Most importantly, the algorithm requires validation in prospective studies that assess implications for clinical outcomes in addition to the sensitivity and negative predictive value, and specificity and positive predictive value, she noted.

Such studies will help confirm that the thresholds used in the current study are satisfactory across age groups, and help determine whether factors such as sex and time from symptom onset should also be considered.
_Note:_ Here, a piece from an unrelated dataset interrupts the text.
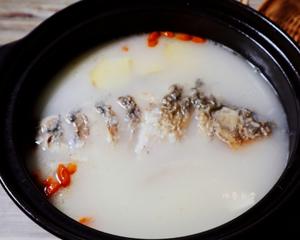 豆腐鲫鱼汤㊙️（汤奶白有技巧）鲜美营养清炖鱼汤的做法 步骤11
"Finally, although touted as ‘simple’ by the authors, the need for multi-component algorithms that are different for rule-in and rule-out and that vary by age group or other parameters will challenge application by busy clinicians unlikely to remember or accurately process the proposed algorithm. As such, it will be imperative that hsTn algorithms, if validated, are built into clinical decision support layered onto electronic health records so that testing results are provided electronically to physicians along with the algorithmic interpretation to allow systematic application in triage and treatment," she wrote.

DR. NEWBY is with the division of cardiology at the Duke Clinical Research Institute in Durham, N.C. She reported receiving personal income from consulting or other service, and/or support from research grants or contracts from Amgen, AstraZeneca, and other companies, as well as the National Heart, Lung, and Blood Institute.